Solar-powered water heaters sit on rooftops at the Mercy Sisters' convent in northern Zambia. (Courtesy of the Sisters of Mercy)

After a recent personal experience in Tanzania and Malawi of electrical blackouts, cold showers, limited or no internet, cooking with charcoal, and the sight of mountains stripped of trees, I was reminded of a project I started in November 2016 to research how sisters in sub-Saharan Africa use solar energy.

I was motivated to continue it when sisters at the Association of Consecrated Women of East and Central Africa, or ACWECA, gathering in late August in Dar Es Salaam, Tanzania, questioned me about what I had found.

My original inspiration for this blog was the United Nations sustainable development goal No. 7, which is to promote alternative energy sources by 2030. I began to wonder about sisters' use of renewables.
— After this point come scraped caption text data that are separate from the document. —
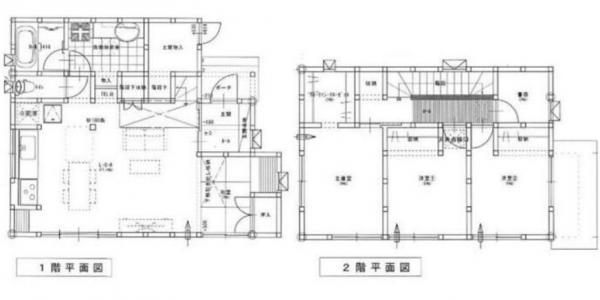 八本松町飯田（八本松駅） 3500万円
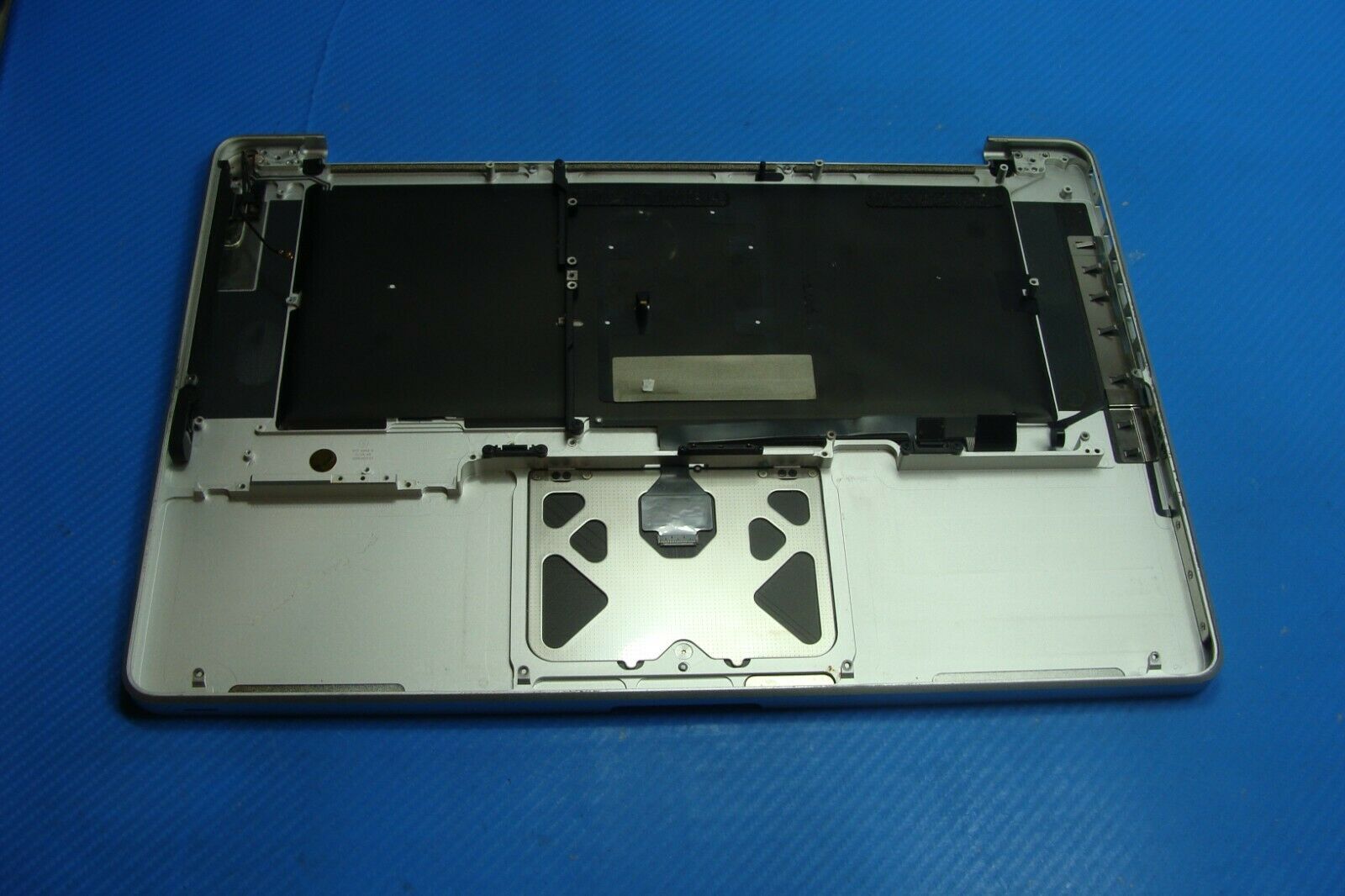 MacBook Pro A1286 15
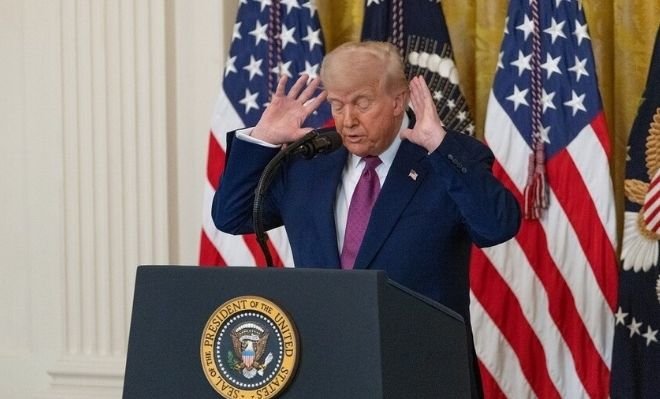 مشروع قانون بالكونغرس لفرض رقابة على دونالد ترامب في قرار الحرب ضد إيران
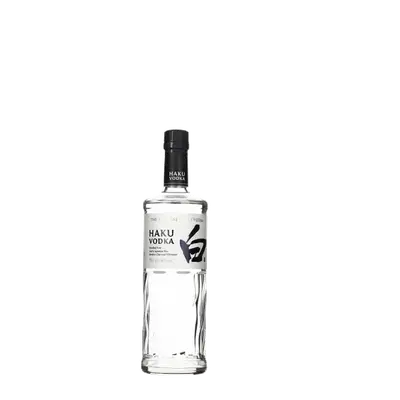 Haku Vodka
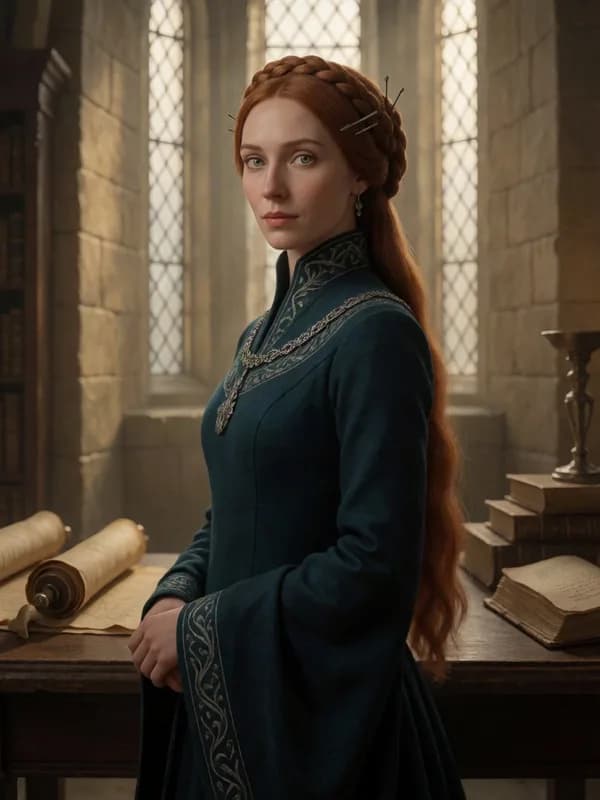 Princess Irulan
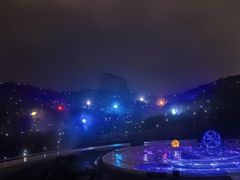 -鼎盛王朝康熙大典实景演出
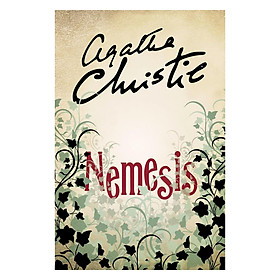 Hình ảnh sách Nemesis (Miss Marple)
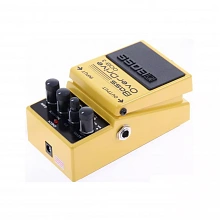 Boss ODB-3 Bass OverDrive басовая педаль овердрайва 3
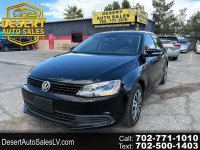 Image for 2014 Volkswagen Jetta Auto SE PZEV ID: 6861715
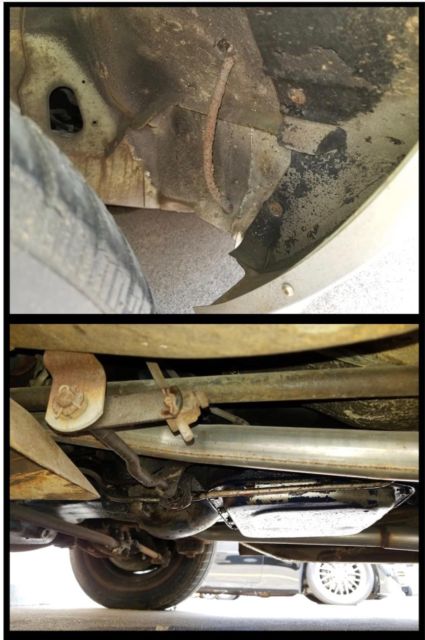 1973 Plymouth Satellite - photo 11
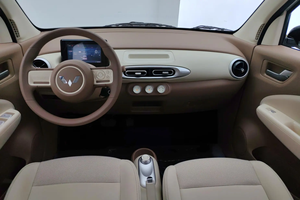 <span class=keywords><strong>Auto</strong></span> Usate Wuling Hongguang MINIEV 2025 Bianche Economiche per Esportazione - Product Image 5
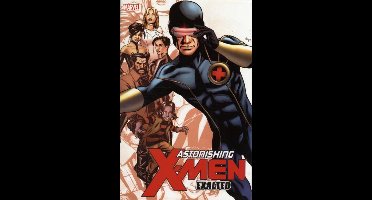 Astonishing X-Men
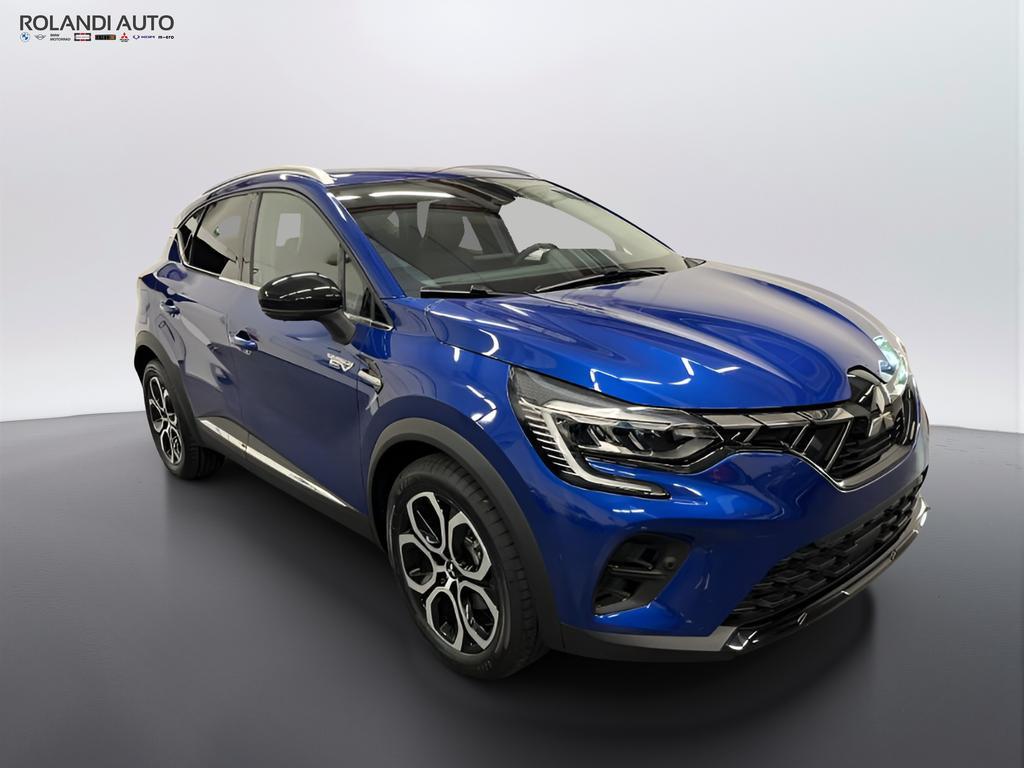 Mitsubishi ASX 1.6 MPI Plug-in Hybrid Intense AT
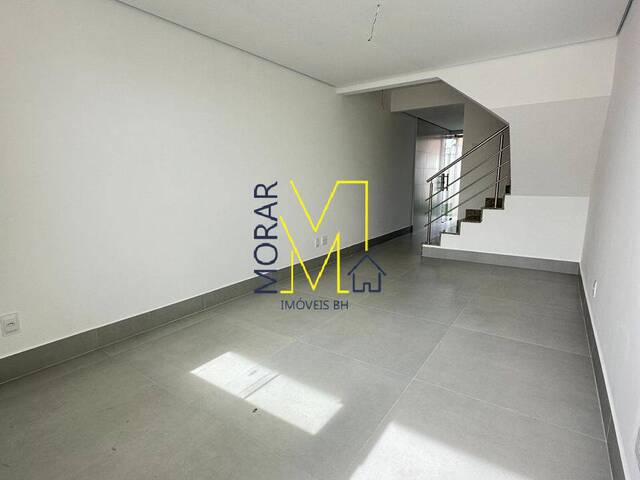 #MI2131 - Casa para Venda em Belo Horizonte - MG - 1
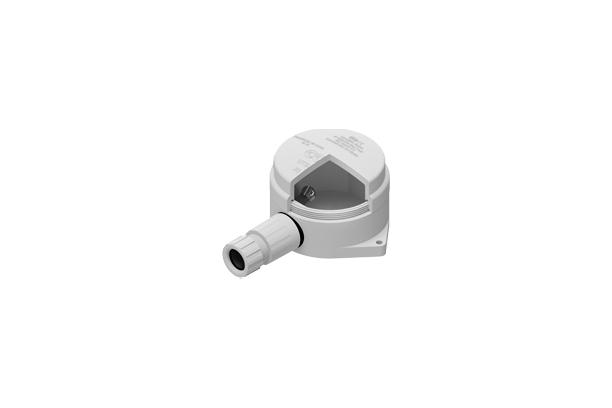 CCG for Single-Phase Electrical Overhead Municipal Service Connections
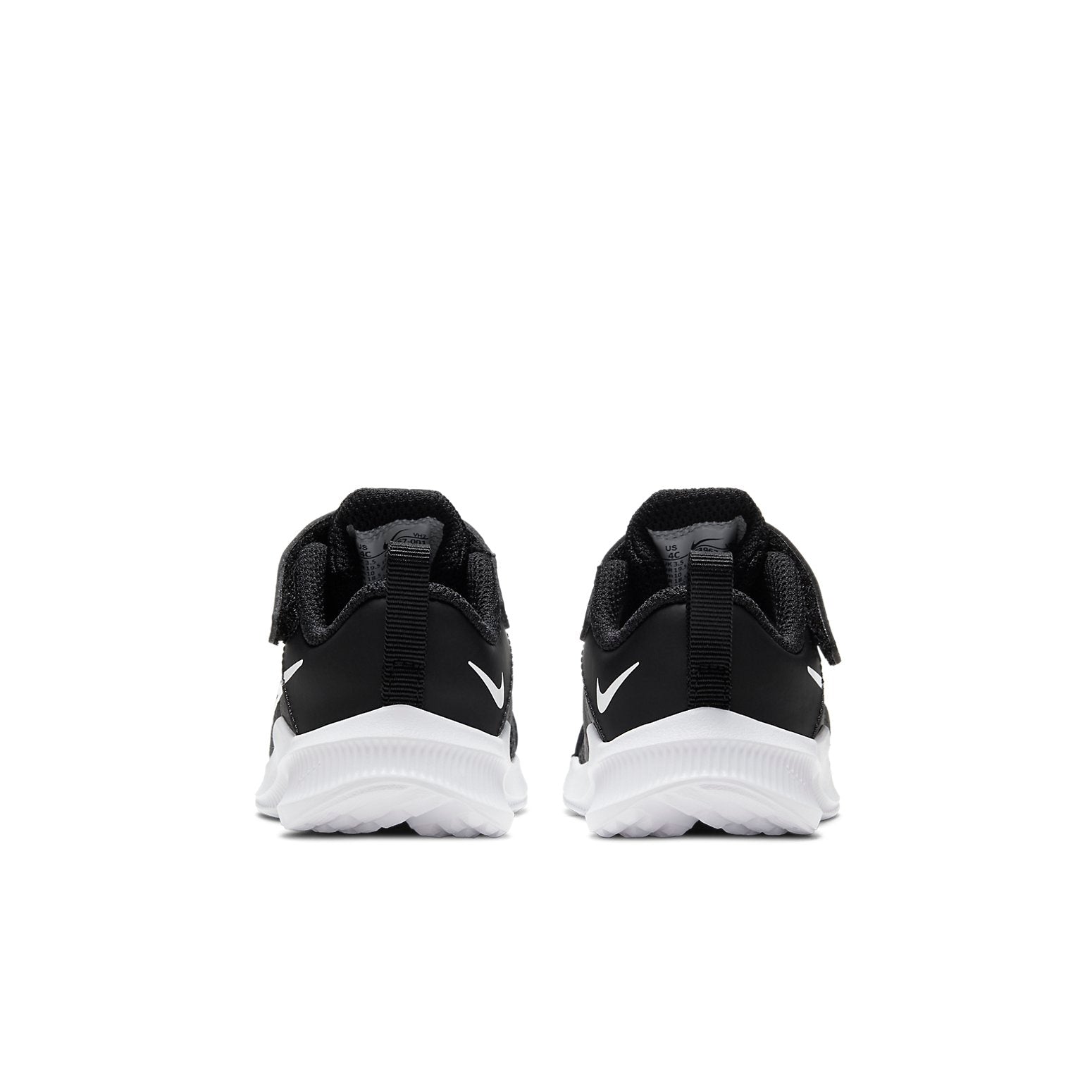 (TD) Nike Downshifter 11 'Black White' CZ3967-001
I had come across some examples during my time as director of the Conrad N. Hilton Fund for Sisters, but did not collect any data. (The Conrad N. Hilton Fund for Sisters was established by the Conrad N. Hilton Foundation, which funds Global Sisters Report.)

Being most familiar with Zambia, I decided to ask the Zambia Association of Sisterhoods to distribute a questionnaire to the membership on their use of solar power.